GLD Vacancies

ALMOs warn on adverse impact of measures in Housing and Planning Bill

Some policies in the Housing and Planning Bill will diminish the ability of local councils and their ALMOs to build new homes, the National Federation of ALMOs (NFA) has warned.

In a submission to the Public Bill Committee earlier this month, the NFA said the measures in question would also take away much of the local control and incentives within the self-financing system which had been responsible for the increase in council house building recently.

The federation maintained that it was fully supportive of the Government’s purpose and intent in the Bill to increase the number of homes built and it welcomed the commitment to try to do so.

It praised former Housing Minister Grant Shapps for completing the Housing Revenue Account (HRA) self-financing deal with local authorities which had allowed and encouraged a council house building renaissance and his successor, Brandon Lewis, for noting with pride the fact that in England council house building starts since 2010 were at a 23-year high.

“Unfortunately we believe that some of the clauses in this Bill, alongside other policy changes such as the 1% social rent cut in the Work and Welfare Reform Bill, will have the unintended consequence of cutting off this potentially significant and locally important life line of new build affordable homes for communities struggling to afford to save up a deposit for home ownership whilst living in high cost private rented housing or stuck in temporary accommodation waiting for a social letting,” the NFA’s submission said.

It warned that, with the Bill “very much an enabling Bill”, much of the detail would be left to regulation and the discretion of Secretaries of State. “We believe that the actual impact of the Bill will really be determined by the regulations which will not be subject to parliamentary scrutiny,” the federation warned, urging Parliament to discuss the issues now and consider its proposed amendments.

The NFA said the clauses in Part 4 of the Bill that it was most concerned about were in Chapter 2 Vacant High Value Local Authority Housing and Chapter 4 High Income Social Tenants: Mandatory Rents.

In relation to Chapter 2, the federation said the requirement to make a payment to the Secretary of State – to be calculated by reference to the market value of the high value vacant housing owned by the authority – was detrimental to councils’ ability to control their own resources and assets and make plans to build new homes in their areas.

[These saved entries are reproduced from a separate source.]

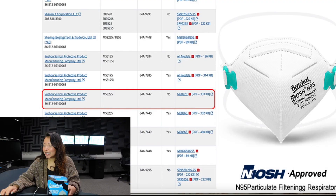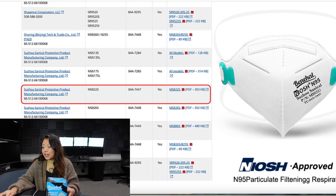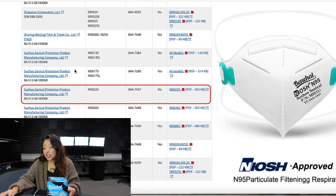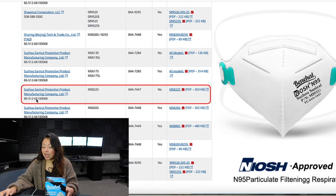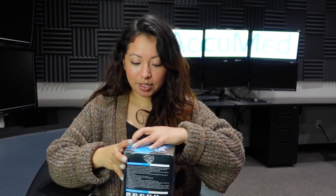It says overall results that it passed. We're going to see if this mask passes our TSI machine test. Scrolling down, we also have the NIOSH approval. This is a website that provides you with all the approved NIOSH N95 respirators, which I will be linking down below if you want to do your research. It provides you with the manufacturer's name along with the model and the approval number.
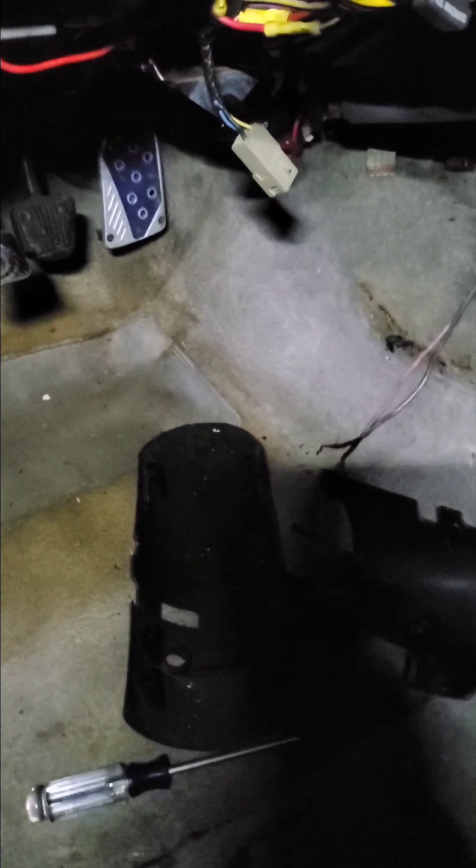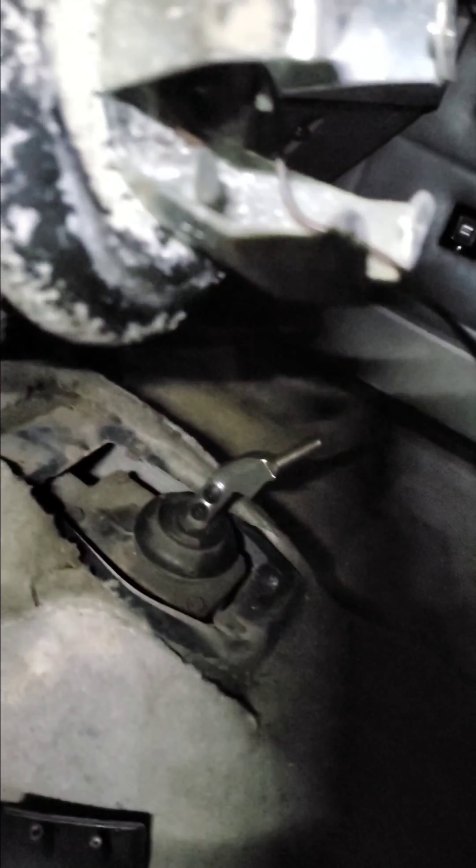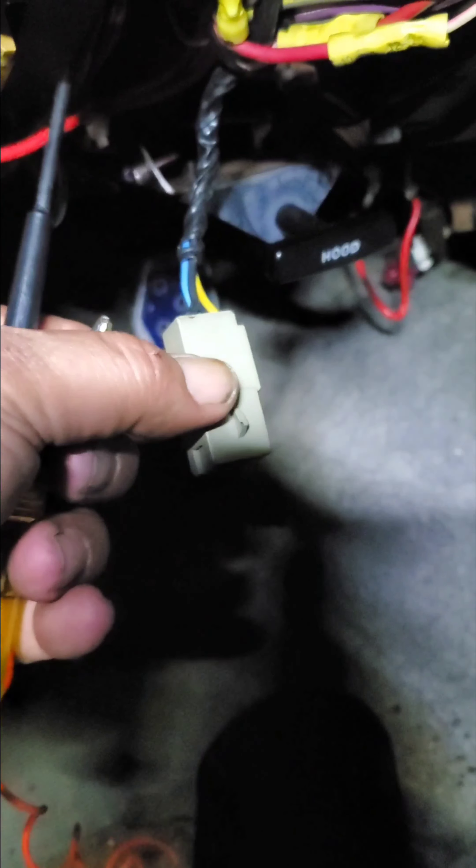I have the steering wheel disconnected — one wire broken. There's these two wires and this cannon plug right here that goes to the horn relay, so I'm missing a piece.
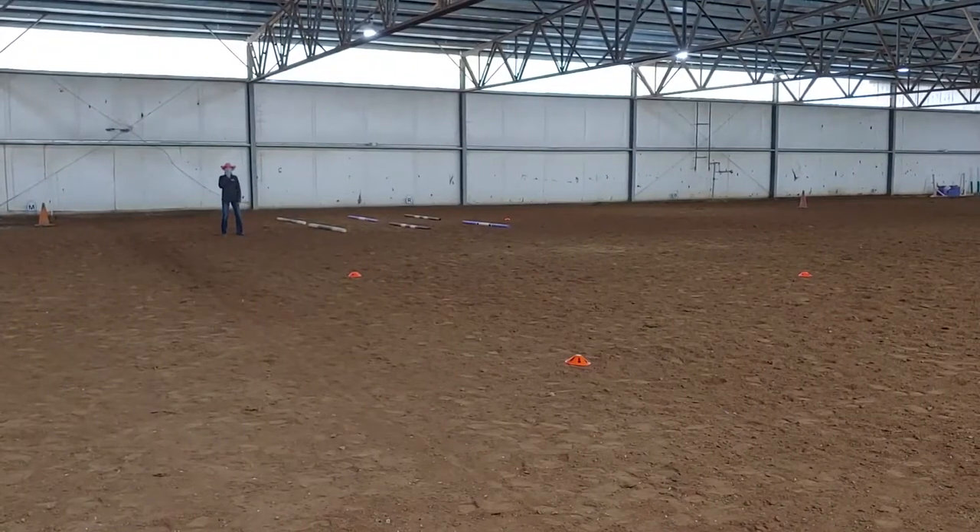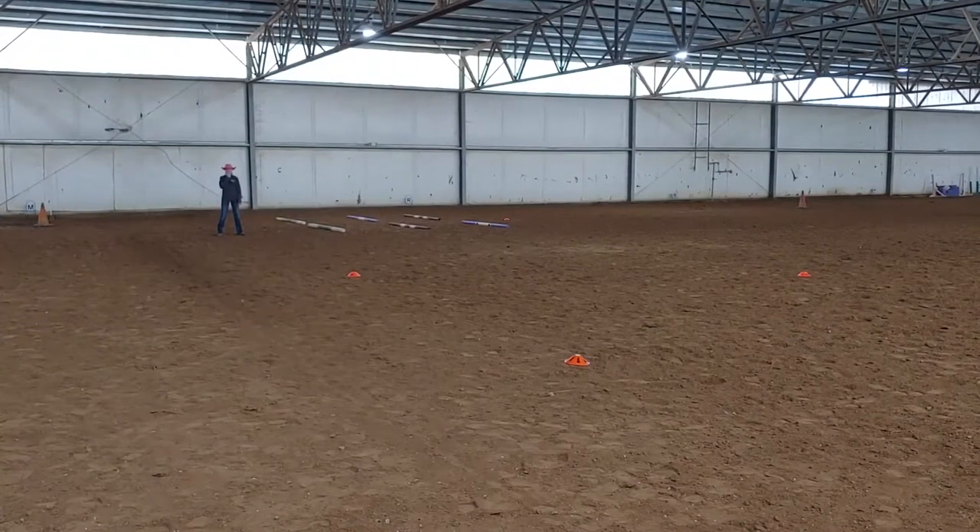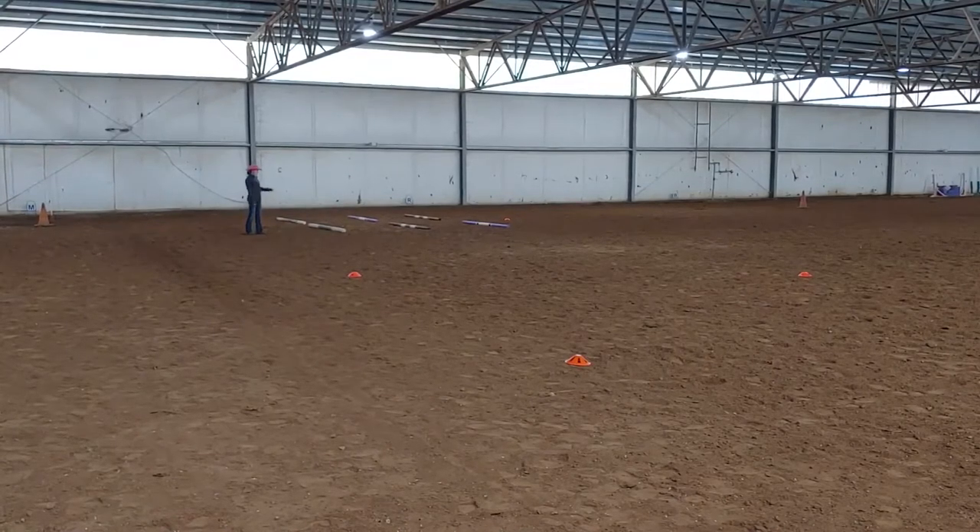Kylie, nice and loud! Okay, let's get started. So scrimmage is kind of like jump — it is jumping. The jumps aren't that big; they're like 15, 16 inches. When you guys are practicing, you're going to practice them just like this.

“Chapter 2 in particular takes away local authorities’ control of their own assets, goes against the idea of localism and devolution and imposes control from the centre again after only a few years of true local control of council housing which has delivered some of the best use of assets and resources in the public sector,” it argued.

In relation to Chapter 4 the NFA said it believed that the proposed thresholds of £30k outside London and £40k inside London for defining “high income social tenants” were too low and would encompass households who were in receipt of benefit and/or receiving the minimum wage.

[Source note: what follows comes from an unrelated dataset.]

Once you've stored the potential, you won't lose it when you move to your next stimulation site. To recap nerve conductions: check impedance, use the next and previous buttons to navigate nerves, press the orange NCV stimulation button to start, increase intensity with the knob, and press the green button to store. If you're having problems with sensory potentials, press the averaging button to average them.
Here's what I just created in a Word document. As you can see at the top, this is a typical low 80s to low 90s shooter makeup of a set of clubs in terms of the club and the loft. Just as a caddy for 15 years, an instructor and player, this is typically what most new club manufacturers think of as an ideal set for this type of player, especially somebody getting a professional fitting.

It warned that introducing a threshold which was lower than £60k outside of London and £74k inside of London would seem punitive and penalise aspiration as well as increase the dis-incentives to work or working more hours.

The federation meanwhile said the Government’s proposed social rent policy of cutting rents by 1% a year for the next 4 years would do nothing to improve the situation and would conversely help to drive up costs in the welfare bill if nothing else changed to increase the supply of affordable housing.

“The rent cuts are particularly problematic in the council housing sector as our members have already made efficiency savings and tailored capital investment programmes to fit a reduced projected income stream due to the stopping of the rent restructuring policy early and the change from using RPI in the social rent formula to using the lower CPI figure,” it added.

“We have therefore already proposed that councils are allowed to continue to make the decisions with their tenants on their own future rent policy.”